Confusion about the two shows has resulted in a surge of complaints about Fever to the BBB. Many customers who purchased tickets to “Van Gogh: The Immersive Experience” are angry at being tricked by what they perceive to be a knock-off Van Gogh experience, and not the one connected to Emily in Paris.
“The key thing is there’s so many Van Goghs,” said Claire Rosenzweig, president and CEO of the BBB of Metropolitan New York, told Artnet News. “Maybe it’s as a result of the pandemic and people wanting to get out into experiences where they will be social distancing. But whatever it is, there are a lot. The takeaway is, you have to do your research to know what it is that you’re purchasing.”
After 55 complaints over the last 12 months, Fever at one point had an F rating with the BBB. Since Fever is now working to resolve those complaints, the BBB has changed the rating to “No Rating,” or NR.
Lorraine Anderson, of Brewster, New York, 50 miles north of Manhattan, figured she had found a great anniversary present when she saw some friends posting about a Van Gogh light show on Facebook. When she bought tickets for Fever’s event, she thought she was going to get the Emily in Paris experience.
“Who’s mimicking who?” she told Artnet News in a phone interview. “I felt like Fever was poaching customers by having such similar titles. Somebody ought to say, ‘This isn’t kosher.'”

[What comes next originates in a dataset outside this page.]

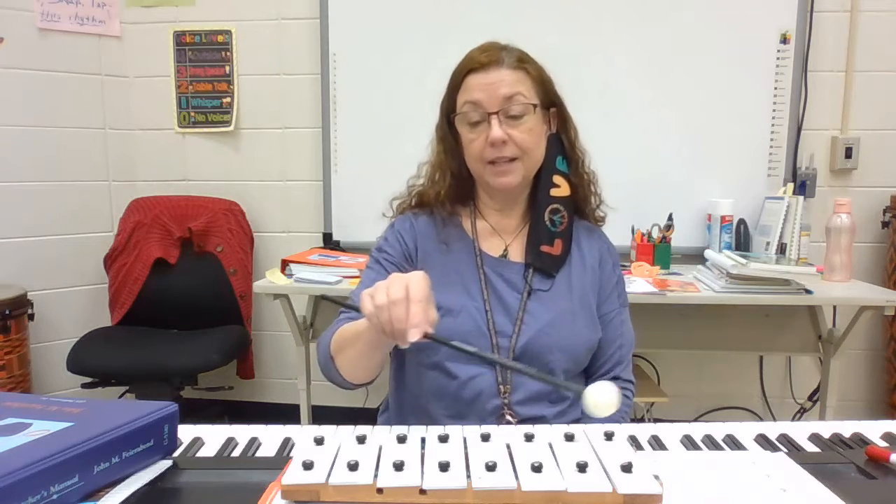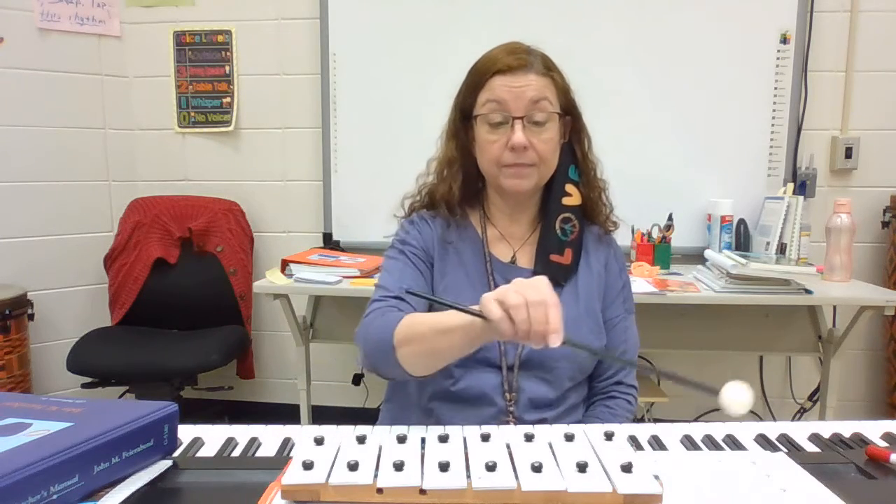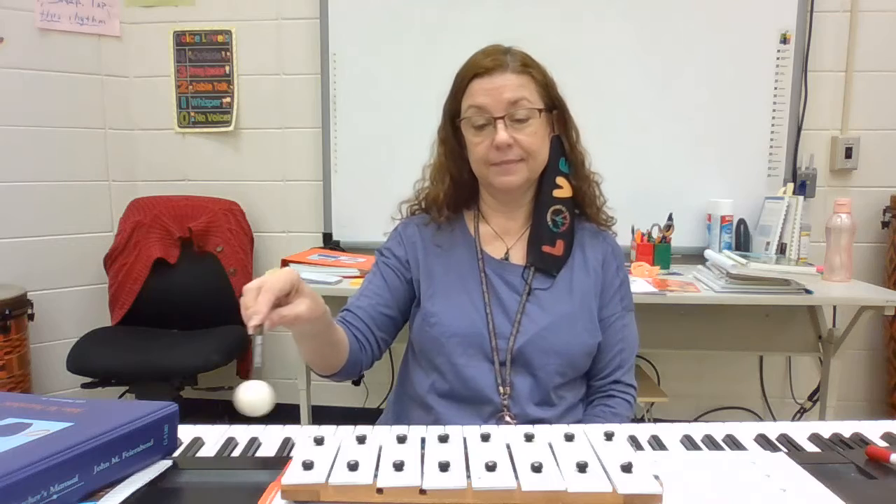Hello! Today to warm up our voices we're going to use a small xylophone and a mallet so that we hear sounds going up, sounds going down, up first and then down, down first and then up, or maybe a crazy one at the end.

Tickets to “Van Gogh: The Immersive Experience” are non-refundable, according to the FAQ page. On the other hand, spokespeople tell Artnet News that “our general policy is to refund users that complete a purchase accidentally, as well as to support those that require assistance due to change of dates or other needs.”
Anderson did eventually get her money refunded, which she said Fever reps told her they do under exceptional circumstances.
Artnet News’s own critic, Ben Davis, who’s been assigned to cover the immersive Van Gogh phenomenon, was among the confused. “I am one of the people who bought a ticket to ‘Van Gogh: The Immersive Experience’ not knowing that there were two different experiences,” he says. “It didn’t even occur to me. I feel ridiculous.”